Can RPC leverage multicore?

I am using torch.distributed.rpc. I can set the rpc to have many threads using rpc_backend_options, but it seems like it is not being mapped onto idle CPUs that I have.
Specifically, to test out, I’ve sent 1-4 asynchronous RPC calls to a server which has 80 CPUs.
Below is the code for reference.

import os
import time
import torch
import torch.nn as nn
import numpy as np
from torch.multiprocessing import Process
import torch.distributed.rpc as rpc

class Net(nn.Module):
    def __init__(self):
        super(Net, self).__init__()
        self.l0 = nn.Linear(2, 2)
        W = np.random.normal(0, 1, size=(2,2)).astype(np.float32)
        self.l0.weight.data = torch.tensor(W, requires_grad=True)
        self.l1 = nn.Linear(2, 2)
        W = np.random.normal(0, 1, size=(2,2)).astype(np.float32)
        self.l1.weight.data = torch.tensor(W, requires_grad=True)

    def forward(self, x):
        return self.l1(self.l0(x))

def test(t):
    print("RPC called")
    for i in range(100000):
        t2 = t*1.000001
    return t2

def run(i):
    rpc.init_rpc("Rank"+str(i), rank=i, world_size=2)
    if i == 0:
        with torch.autograd.profiler.profile(True, False) as prof:
            net = Net()
            optimizer = torch.optim.SGD(net.parameters(), lr=0.1)
            input = torch.tensor([1.0, 2.0])
            reqs = []
            reqs.append(rpc.rpc_async("Rank1", test, args=(input,)))
            reqs.append(rpc.rpc_async("Rank1", test, args=(input,)))
            reqs.append(rpc.rpc_async("Rank1", test, args=(input,)))
            reqs.append(rpc.rpc_async("Rank1", test, args=(input,)))
            #reqs.append(rpc.rpc_async("Rank1", test, args=(input,)))
            for req in reqs:
                input += req.wait()
            print("RPC Done")
            y = net(input)
            optimizer.zero_grad()
            y.sum().backward()
            optimizer.step()
        print(prof.key_averages().table(sort_by="cpu_time_total"))
        prof.export_chrome_trace("test.json")
    else:
        pass

    rpc.shutdown()

if __name__ == "__main__":
    os.environ['MASTER_ADDR'] = "localhost"
    os.environ['MASTER_PORT'] = "29500"
    ps = []
    for i in [0, 1]:
        p = Process(target=run, args=(i,))
        p.start()
        ps.append(p)

    for p in ps:
        p.join()

As you can see, I am just doing some compute-intensive work on the server using RPC.
Below is the result from my profiler.
When I do 1 RPC call:


When I do 4 RPC calls:

Default RPC init makes 4 send_recv_threads. So it should be able to “concurrently” run my 4 RPC requests. However, as you can see, the time to finish the RPC requests grew almost linearly (from 460ms to 2200ms) with 4 requests, meaning that they are using only one core and are not being processed in parallel (i.e., concurrent, but not parallel).

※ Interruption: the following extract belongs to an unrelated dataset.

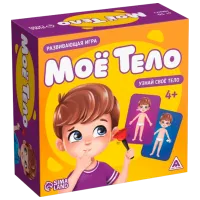 Joc de masă Las Igras My Body 4+/ Dezvoltare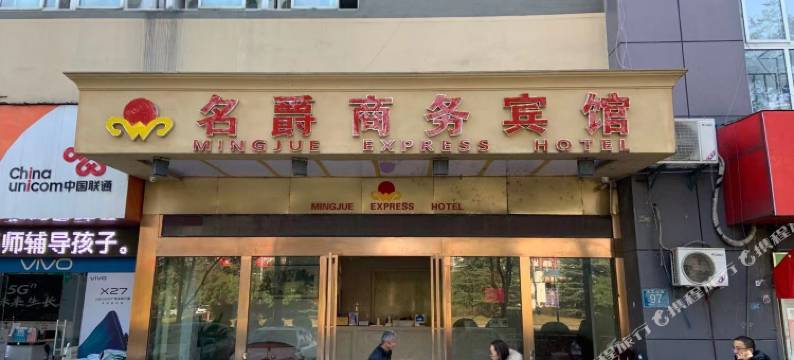 芜湖名爵商务宾馆图片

I know that python threads (unlike processes) cannot execute in parallel on different cores. Is RPC threads also (because they are threads) cannot run in parallel on different cores?
Is there a way to run different RPC request received on different cores? Or should I manually spawn processes in the receiving server side to run the requests in parallel and leverage my multicore server?

Thank you.

1 Like

This is likely due to Python GIL on the server side. Can you torchscript (https://pytorch.org/docs/stable/jit.html) the test method and try again? That should avoid GIL.

1 Like

Probably Yes for torch jit scripts, and No for regular python functions.

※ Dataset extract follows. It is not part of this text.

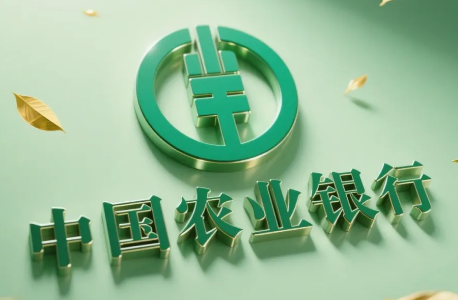 农行集团e贷个人能申请吗?农行集团e贷和网捷贷哪个好?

I will describe my understanding of the framework in details. For c++ files, their root directory is (git master) torch/csrc/distributed.

Internally, torch rpc framework does the following things:

  1. entry point: rpc.async, rpc.sync use the same _invoke_rpc() while rpc.remote use its own implementation. For these three methods, they all categorize your calls into three categories: builtin is for python builtin function, udf is for user defined functions, jit is for torch script. Then all three lower level calls go into the torch C library.

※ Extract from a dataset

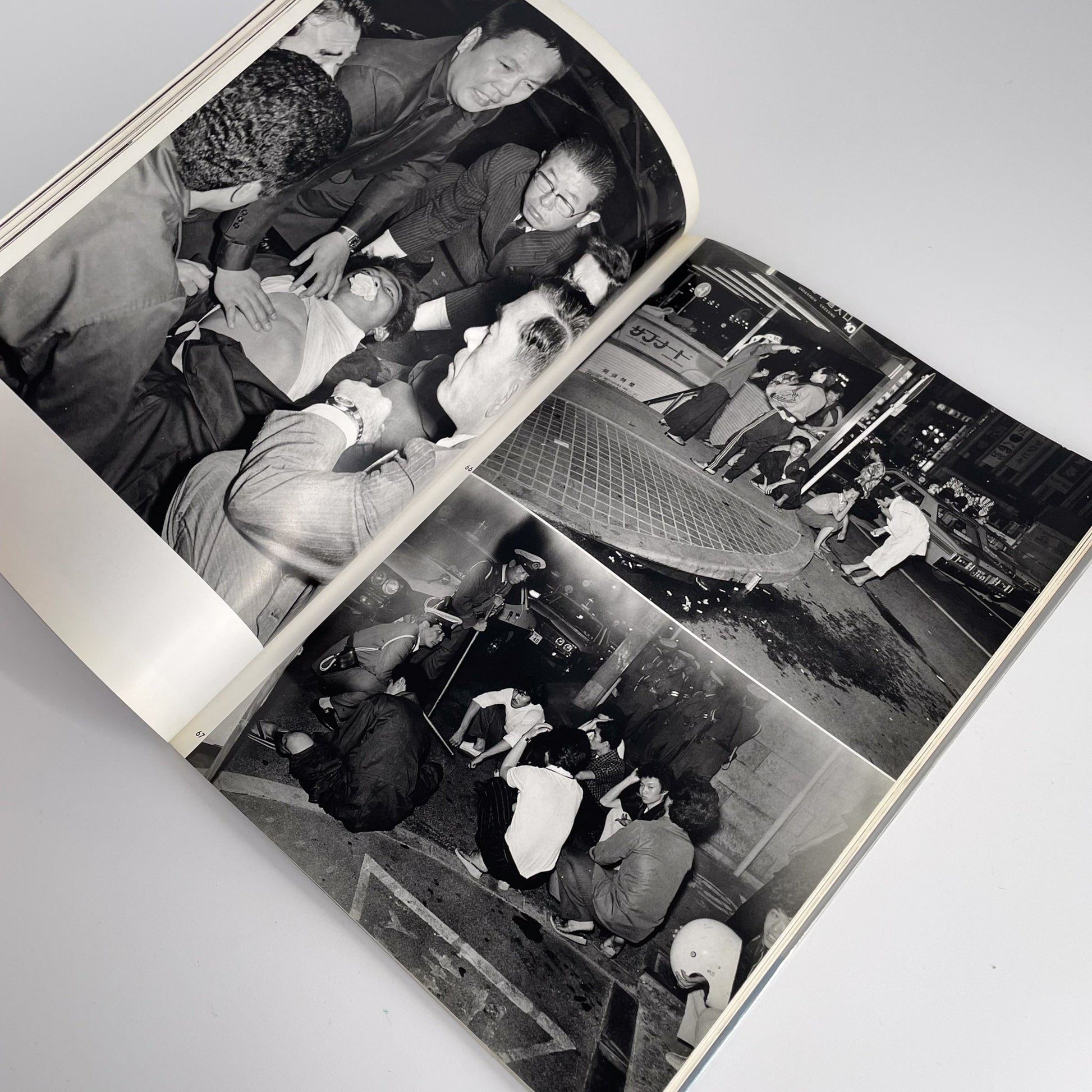 倉田精二　FLSH UP / Street Photo Randam Tokyo 1975〜1979 - 白夜書房 - 文福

  2. c library: the c-python interface is defined in rpc/init.cpp, which uses pybind11 to define the interfaces, on calling the interface, call guards (constructed before wrapped functions) are gil_scoped_release so GIL is released here for all three interface categories. The wrapped functions are defined in rpc/python_functions.cpp they will find your target rpc process (c++ class RpcAgent) and send your message to it. GIL will be reaquired after finishing the c function call due to the automatic deconstruction of call gaurds.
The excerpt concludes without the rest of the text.